The breaking news is that US President Donald Trump has tested positive for covid-19. It comes just five weeks ahead of the US Presidential election.
That news somewhat puts in the shade Margaret Ferrier MP’s misdemeanours. The SNP MP travelled on train to London while awaiting a test result despite already having experienced “mild symptoms”, and then when she found out she was positive proceeded to hop back on the train to Scotland. She’s apologised, but has had the party whip removed, with widespread calls for her to resign her seat.
What has caught my attention this morning is neither Trump, nor Ferrier, but the Home Office. What do you think counts for “blue sky” thinking in Priti Patel MP’s department in these times of Covid? Whatever comic answers you can come up with probably can’t match the callousness of the real thing.
The FT reported a few days ago that a department discussion about ideas to stop refugees making it across the English channel to UK shores included laying “booms or barriers in parts of the Channel” or “whether it would be possible to link small boats together to form a barrier”. Most barbaric of all, they discussed having “boats with pumps generating waves that would force boats back into French waters – but concerns were raised about capsizing migrants in already over-laden boats”. Well, that’s alright then.

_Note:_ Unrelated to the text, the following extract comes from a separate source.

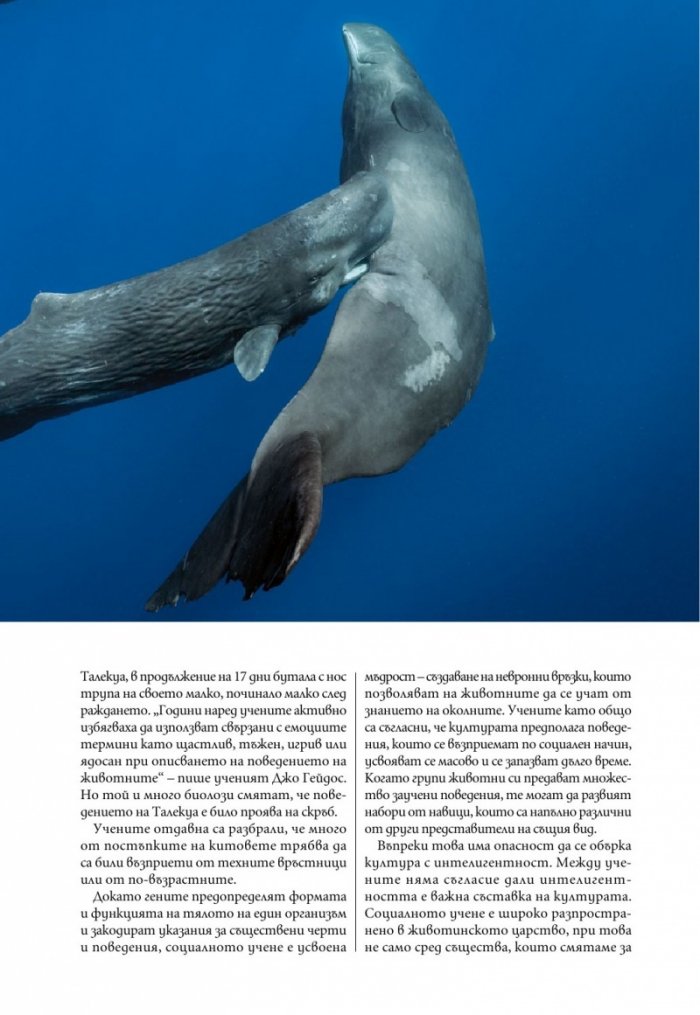 National Geographic България Май/2021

If these horrendous ideas only stayed in the four walls of the Home Office, that would be one thing. But the Guardian has now reported that the UK Government has actually consulted the maritime industry body Maritime UK on introducing the floating walls idea, and has actually trialled the “‘blockade’ tactic” at sea.
Maritime UK has responded by saying “the clear view, which we shared with the Home Office, was that as a matter of international convention, that this is not legally possible”. So we can probably expect floating blockades in one of the busiest sea routes in the world erected on Monday, then.
Patel’s inspiration for the blockades is Australia, a country she also taken the idea of offshore asylum detention centres from. The Home Office has developed “detailed plans” for creating a kind of Guantanamo Bay for refugees in Morocco, Moldova or the south Atlantic islands. Retired ferries, Scottish oil rigs and the Shetlands have also apparently been considered as possible locations, an idea condemned by First Minister Nicola Sturgeon.
There is a good chance none of this will happen, but it’s worth remembering that all of this is being considered in a year where three asylum seekers have died in Glasgow in three separate incidents, all connected to their inhuman treatment at the hands of the Home Office. Asylum seekers are still being kept in hotels for the foreseeable future, despite repeated condemnation by human rights groups and refugees’ advocates. The Home Office has clearly been too busy with other things to address this crisis in Glasgow. And of course we already have an onshore detention centre in Scotland, at Dungavel.
We are not that far off a “Children of Men” style dystopia in this country now, but just imagine what it will be like if you combine the looming global climate refugee crisis with the Home Office’s “blue sky” thinking? That’s a scary prospect.